▶ **Exercise requirements**
Copy exactly the lines from the start of the material through the line with "A misted window". Pictures stay out of the copy.

▶ **Records to use**
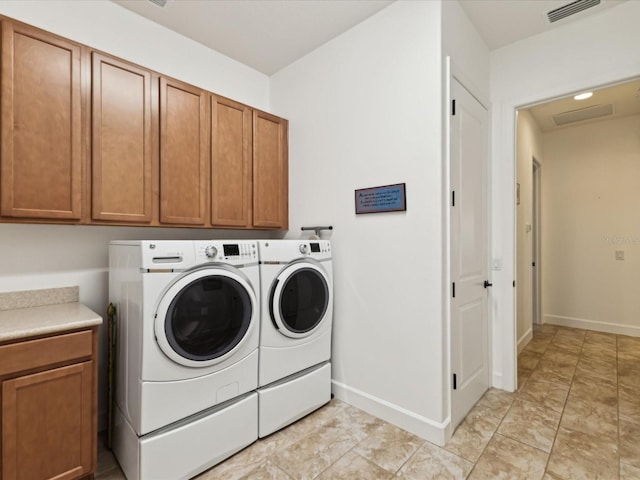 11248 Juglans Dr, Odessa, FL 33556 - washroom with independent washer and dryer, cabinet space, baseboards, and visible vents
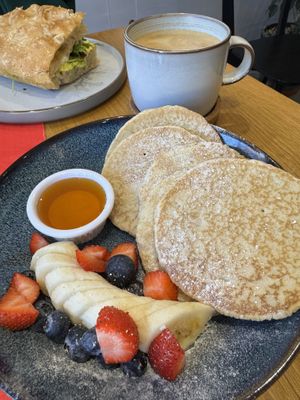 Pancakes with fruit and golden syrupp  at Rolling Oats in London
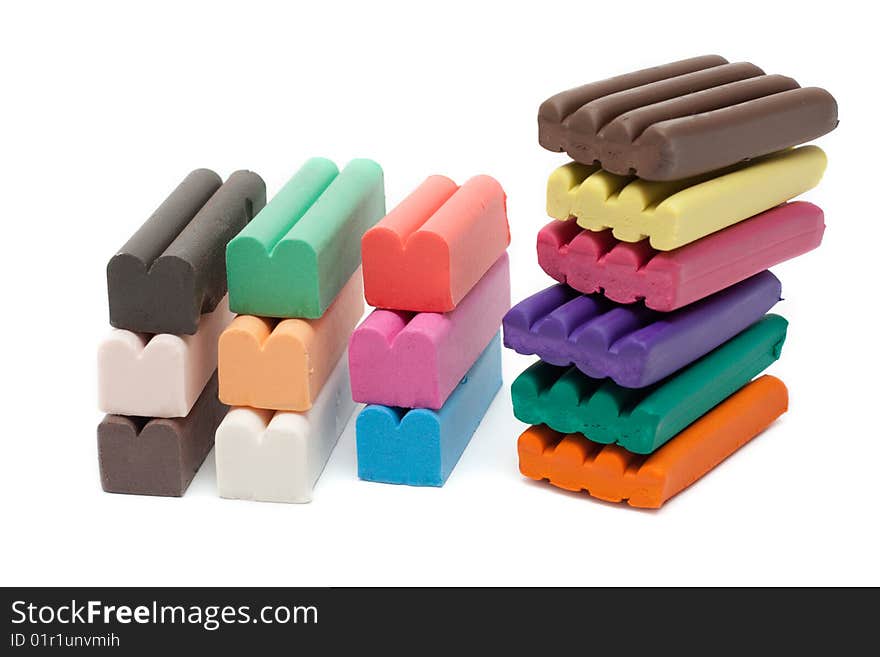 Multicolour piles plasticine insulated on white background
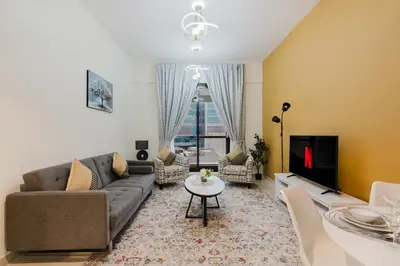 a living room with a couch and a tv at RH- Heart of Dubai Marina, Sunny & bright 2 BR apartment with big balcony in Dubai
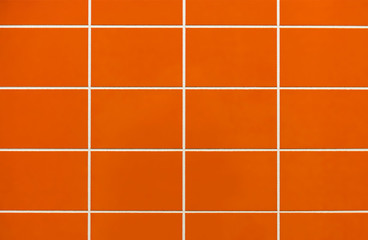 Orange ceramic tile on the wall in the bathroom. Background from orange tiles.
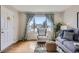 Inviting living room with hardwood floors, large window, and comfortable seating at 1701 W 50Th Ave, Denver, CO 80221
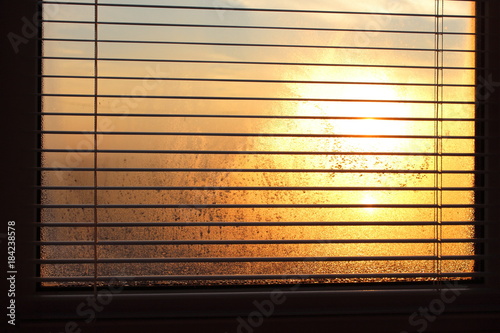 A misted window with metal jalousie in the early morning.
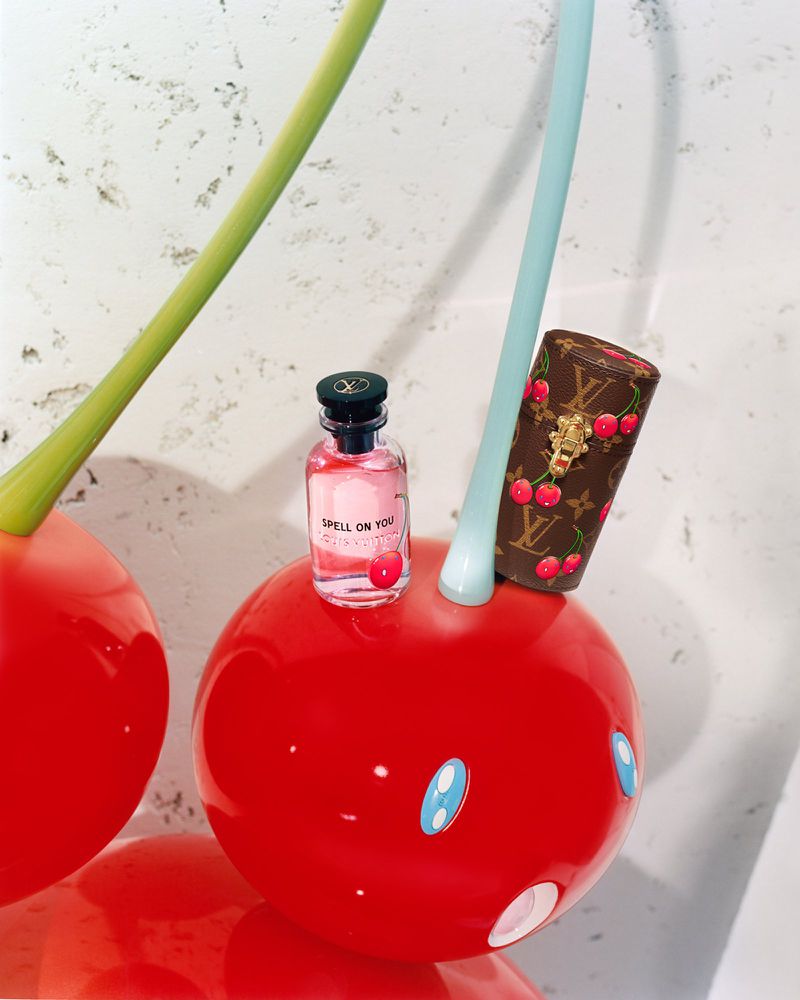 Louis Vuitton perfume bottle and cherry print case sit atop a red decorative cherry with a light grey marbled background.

▶ **Response below**
 11248 Juglans Dr, Odessa, FL 33556 - washroom with independent washer and dryer, cabinet space, baseboards, and visible vents
 Pancakes with fruit and golden syrupp  at Rolling Oats in London
 Multicolour piles plasticine insulated on white background
 a living room with a couch and a tv at RH- Heart of Dubai Marina, Sunny & bright 2 BR apartment with big balcony in Dubai
 Orange ceramic tile on the wall in the bathroom. Background from orange tiles.
 Inviting living room with hardwood floors, large window, and comfortable seating at 1701 W 50Th Ave, Denver, CO 80221
 A misted window with metal jalousie in the early morning.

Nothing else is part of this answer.